The 1973 Isle of Ely by-election was a parliamentary by-election held on 26 July 1973 for the British House of Commons constituency of Isle of Ely.

The by-election took place during the 1970s Liberal Party revival. This seat and Ripon were gained on the same day, the third and fourth Liberal gains during the Parliament. This was the first time since 1899 that the Liberal Party had made two by-election gains on the same day, when it won both seats in a two-member constituency at the Oldham by-election.

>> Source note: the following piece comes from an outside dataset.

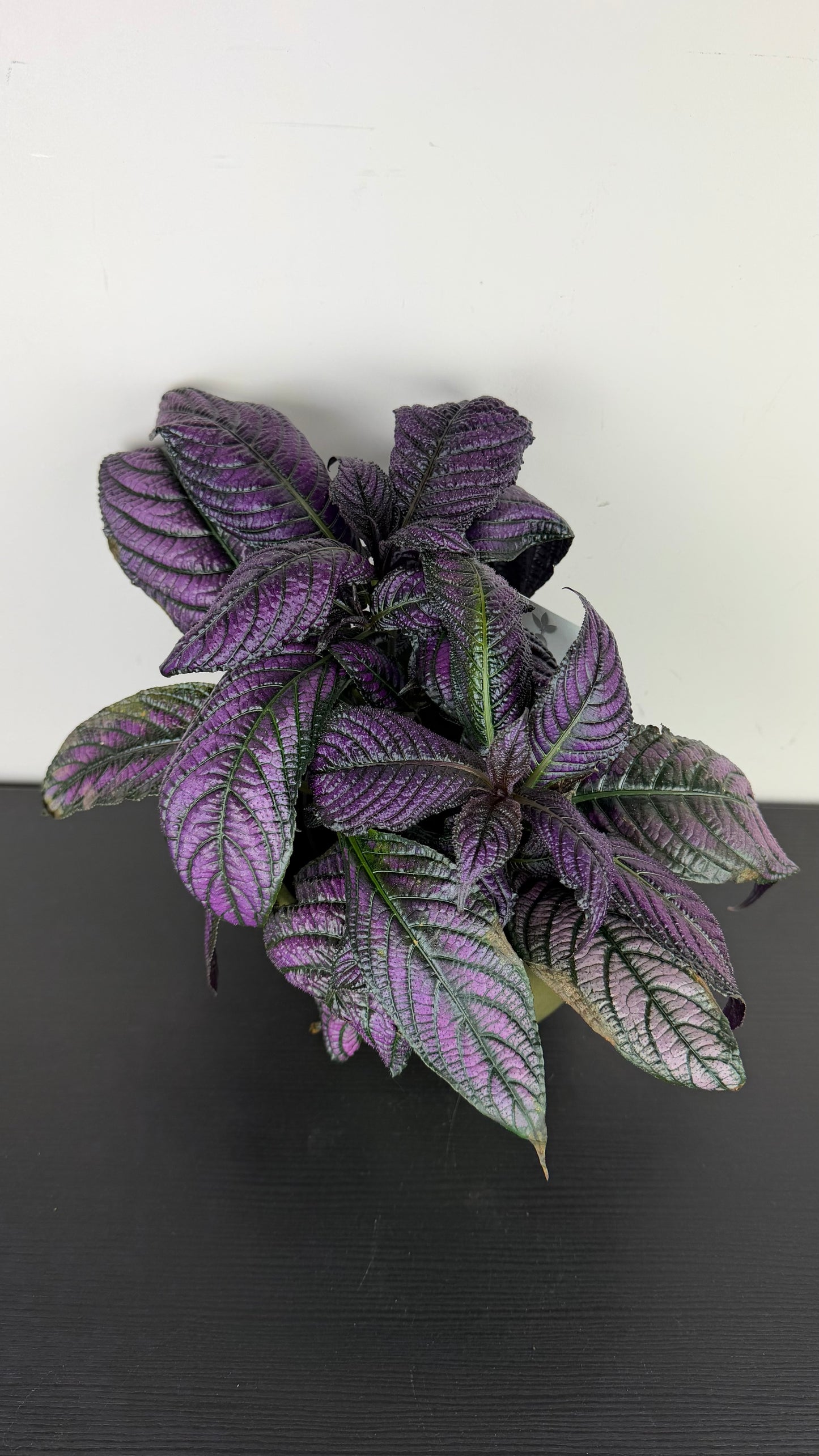Strobilanthes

The last time the party had gained two seats, in different constituencies on the same day, was on 2 June 1896, at the Frome and the Wick Burghs by-elections.

Previous MP 
The seat had become vacant on the death of the constituency's Member of Parliament (MP), Major Sir Harry Legge-Bourke KBE (16 May 1914 – 21 May 1973). Legge-Bourke, a Conservative, had gained the seat from the Liberal Party in the 1945 general election.

Candidates 
Three candidates were nominated. The list below is set out in descending order of the number of votes received at the by-election.

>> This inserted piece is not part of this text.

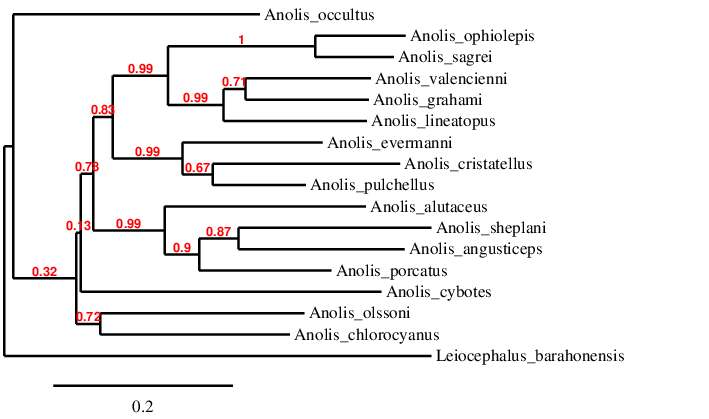 result tree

The Liberal Party candidate was Clement Freud. He was the grandson of Sigmund Freud and a well-known writer and broadcaster.

Freud won the by-election, in a seat which his party had not contested in the 1970 general election. He retained the constituency until it was renamed in 1983, with most of the territory incorporated into the constituency of North East Cambridgeshire. Freud retained that seat until he was defeated in the 1987 general election.

The Conservative candidate was J. B. Stevens, who had contested Birmingham Stechford in the 1970 general election. Stevens again lost to Clement Freud, in Ely, at the February 1974 general election.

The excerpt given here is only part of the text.